Sojourners, how many of you feel unsteady in your soul from loneliness, low-grade depression, and suffering that you keep private and hold tightly and secretly? Do you pretend that life is amazing despite feeling low levels of depression, loneliness, unsteadiness, alienation, and anxiety, and growing feelings of irrelevance? Are you besieged with a creeping sense of loss and grief? Do you long for a community of reaffirmation and intimacy where you can talk openly and honestly without being judged in a TikTok society of winners and losers?

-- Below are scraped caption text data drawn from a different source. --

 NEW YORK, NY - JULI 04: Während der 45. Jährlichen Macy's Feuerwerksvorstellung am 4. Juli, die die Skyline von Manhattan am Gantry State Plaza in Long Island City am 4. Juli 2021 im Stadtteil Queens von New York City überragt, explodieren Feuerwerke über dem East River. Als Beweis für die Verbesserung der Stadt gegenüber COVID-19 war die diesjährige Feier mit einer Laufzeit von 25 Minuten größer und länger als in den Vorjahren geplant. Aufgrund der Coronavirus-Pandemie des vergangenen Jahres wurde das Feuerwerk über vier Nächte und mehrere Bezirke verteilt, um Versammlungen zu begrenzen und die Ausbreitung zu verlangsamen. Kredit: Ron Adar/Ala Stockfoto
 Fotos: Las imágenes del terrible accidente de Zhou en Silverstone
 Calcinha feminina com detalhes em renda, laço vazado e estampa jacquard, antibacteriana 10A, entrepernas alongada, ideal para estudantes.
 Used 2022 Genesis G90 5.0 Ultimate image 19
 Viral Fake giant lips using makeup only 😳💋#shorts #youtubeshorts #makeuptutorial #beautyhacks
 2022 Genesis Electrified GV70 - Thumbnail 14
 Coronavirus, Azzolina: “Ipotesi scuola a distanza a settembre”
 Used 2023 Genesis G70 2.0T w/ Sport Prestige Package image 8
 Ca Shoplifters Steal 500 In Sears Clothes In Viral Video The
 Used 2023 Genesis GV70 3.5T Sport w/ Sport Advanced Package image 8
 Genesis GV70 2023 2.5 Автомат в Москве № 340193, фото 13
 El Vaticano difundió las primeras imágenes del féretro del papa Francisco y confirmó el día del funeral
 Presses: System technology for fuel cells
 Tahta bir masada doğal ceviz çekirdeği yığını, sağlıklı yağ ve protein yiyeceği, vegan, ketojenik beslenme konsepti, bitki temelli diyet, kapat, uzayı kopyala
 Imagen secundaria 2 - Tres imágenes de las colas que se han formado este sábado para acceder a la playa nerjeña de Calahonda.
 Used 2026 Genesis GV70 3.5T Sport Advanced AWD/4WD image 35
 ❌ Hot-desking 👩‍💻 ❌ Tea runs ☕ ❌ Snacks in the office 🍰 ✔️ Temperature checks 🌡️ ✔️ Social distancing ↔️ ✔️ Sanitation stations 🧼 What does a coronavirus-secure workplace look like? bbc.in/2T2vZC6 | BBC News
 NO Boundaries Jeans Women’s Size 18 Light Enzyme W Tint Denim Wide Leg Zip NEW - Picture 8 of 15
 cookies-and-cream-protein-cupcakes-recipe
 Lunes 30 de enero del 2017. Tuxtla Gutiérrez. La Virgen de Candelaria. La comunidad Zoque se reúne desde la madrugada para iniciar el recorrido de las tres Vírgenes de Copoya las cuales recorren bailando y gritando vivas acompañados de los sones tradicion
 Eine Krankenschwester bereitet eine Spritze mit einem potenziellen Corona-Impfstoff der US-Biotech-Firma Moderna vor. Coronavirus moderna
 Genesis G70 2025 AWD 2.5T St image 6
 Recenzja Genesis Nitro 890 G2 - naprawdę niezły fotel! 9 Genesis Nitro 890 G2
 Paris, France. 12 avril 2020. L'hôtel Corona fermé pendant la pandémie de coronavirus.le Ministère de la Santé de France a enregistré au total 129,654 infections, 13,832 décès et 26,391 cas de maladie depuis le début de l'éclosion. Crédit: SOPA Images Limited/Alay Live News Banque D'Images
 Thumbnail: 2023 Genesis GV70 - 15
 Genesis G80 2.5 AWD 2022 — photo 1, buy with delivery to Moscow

Do you feel as if you are swept up in the vortex of a mighty speedball with changes happening so fast that you can’t keep up? Do you feel powerless to advocate for yourself and others in a technocracy of chatbots, automated voices, astroturfing, and paid influencers? Or do you simply feel numb?

Sojourners, you are not alone. Your feelings are a natural response to the expansive and unprecedented changes that we are undergoing. We are in the midst of a 21st century technocracy that is propelled by sweeping socio-spiritual changes without boundaries or life-affirming ethics. These changes are moving so rapidly that our inner lives cannot process the socio-spiritual, economic, and political meaning of the moment. These all-encompassing changes bring out the best and worst of our appetites and habits of being.

Indeed, something big is happening in the world that is changing the nature of what it means to be wholly human. These unprecedented reconfigurations are building a new social order that subsists on displacement, human irrelevancy, and disposability. Within this social order very few lives matter, and Black, Brown, and Indigenous lives of color matter least of all.

Economists and social scientists agree that we have moved into another phase of industrialization, which they name the Fourth Industrial Revolution. When it began in the 1950’s, it ushered in a new socioeconomic and political world order where information theory and digitization expanded and accelerated the production, distribution, and storage of information.